## Task directions
Everything from the line with "Dựng lại hiện" to the line with "patriotic-cream-cheese-fruit-tart-4" in the listing below, both lines included, needs to be copied exactly, apart from the pictures.

## Records provided
──────

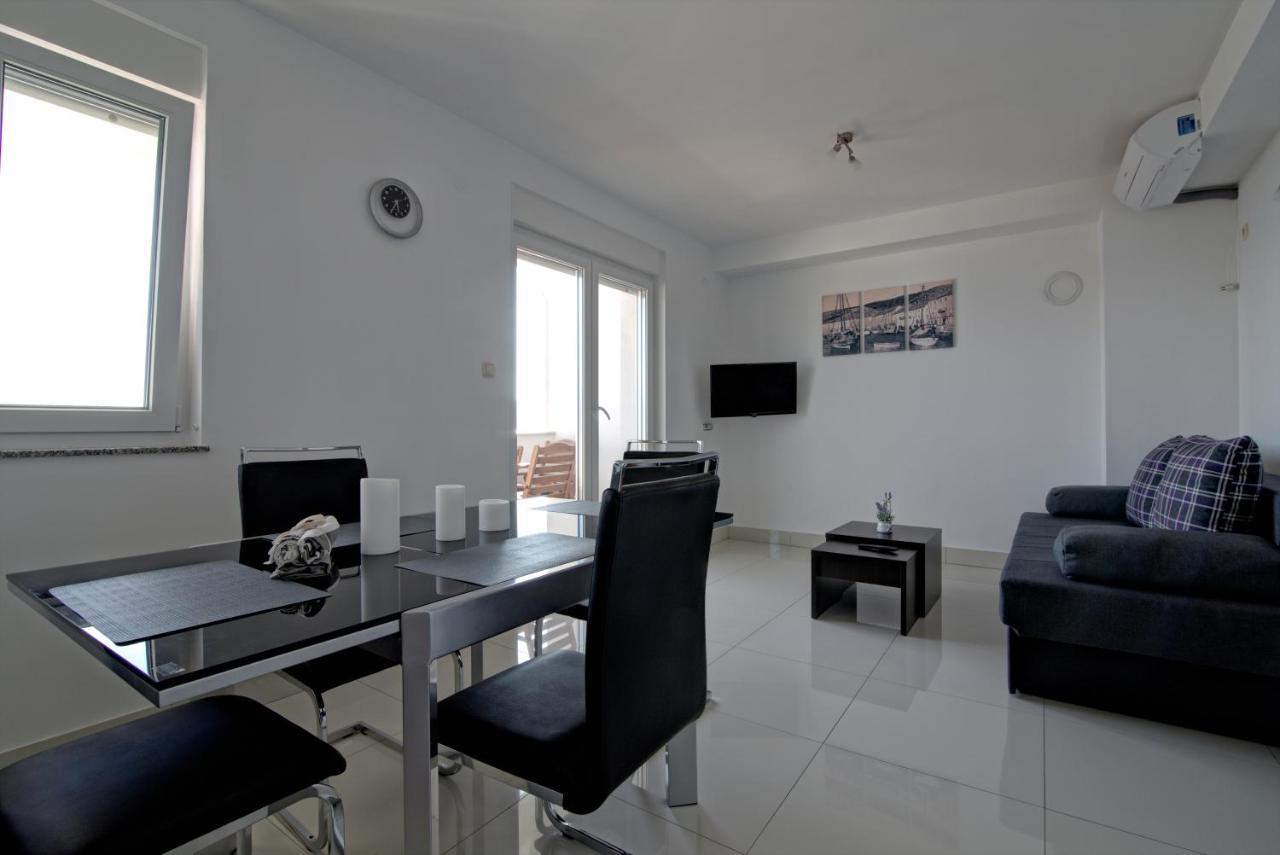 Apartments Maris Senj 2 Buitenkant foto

──────

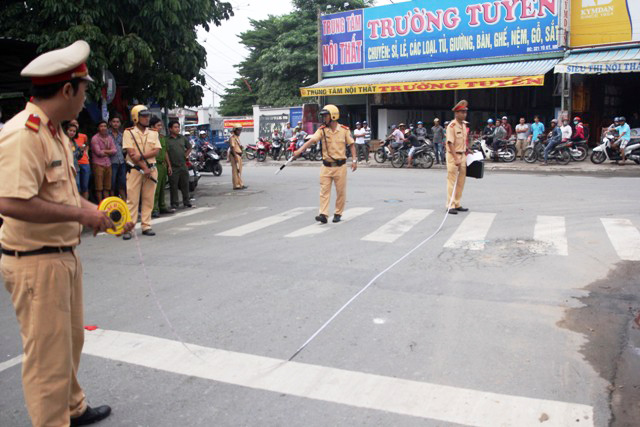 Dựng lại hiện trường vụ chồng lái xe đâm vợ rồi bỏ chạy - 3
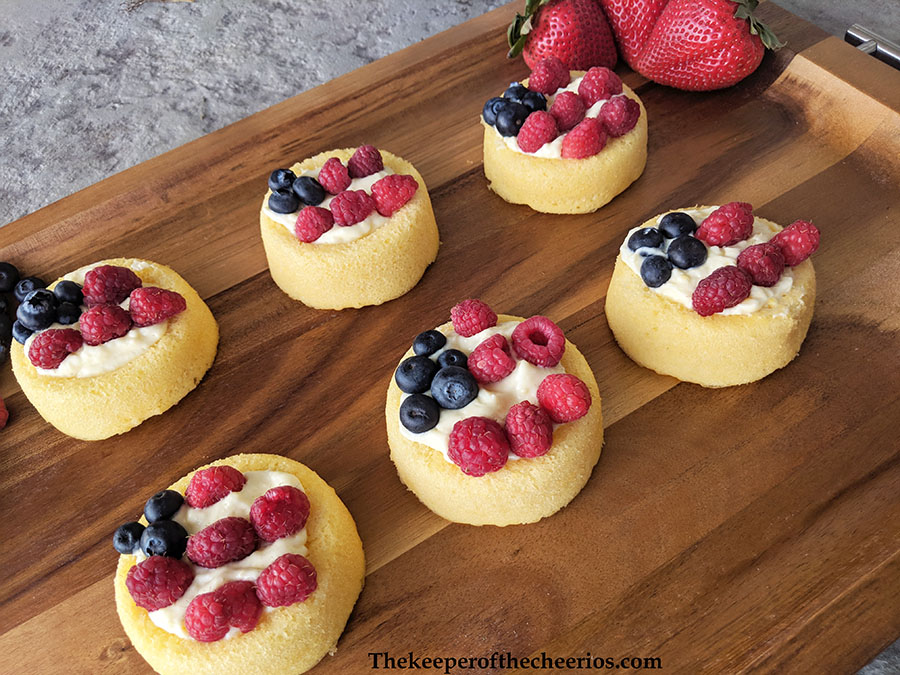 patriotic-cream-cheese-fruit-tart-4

──────

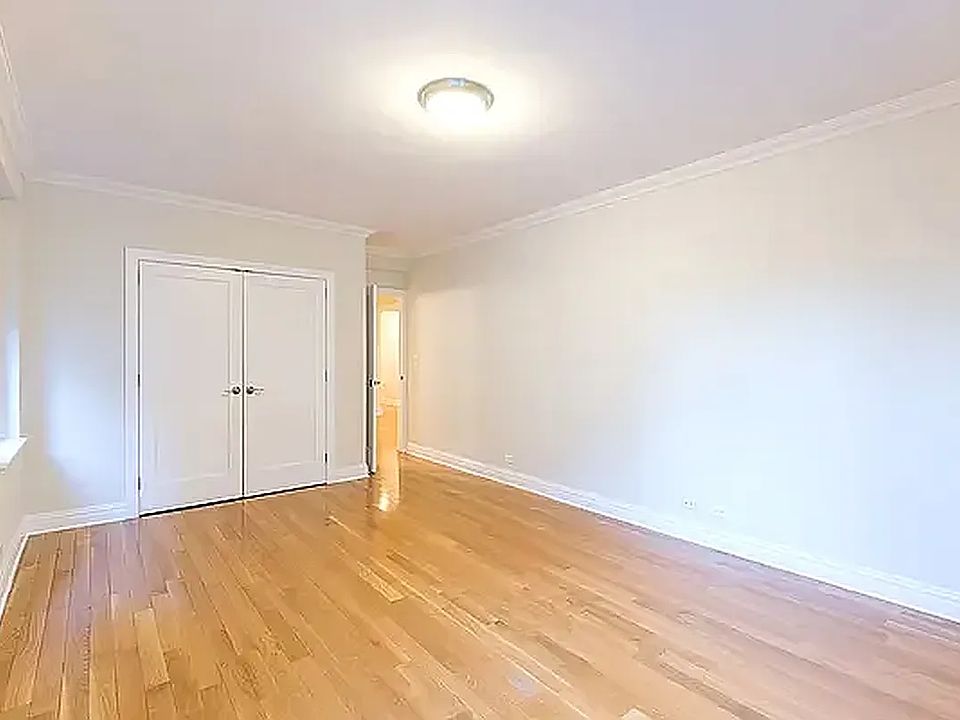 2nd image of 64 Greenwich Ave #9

──────

## Response below
 Dựng lại hiện trường vụ chồng lái xe đâm vợ rồi bỏ chạy - 3
 patriotic-cream-cheese-fruit-tart-4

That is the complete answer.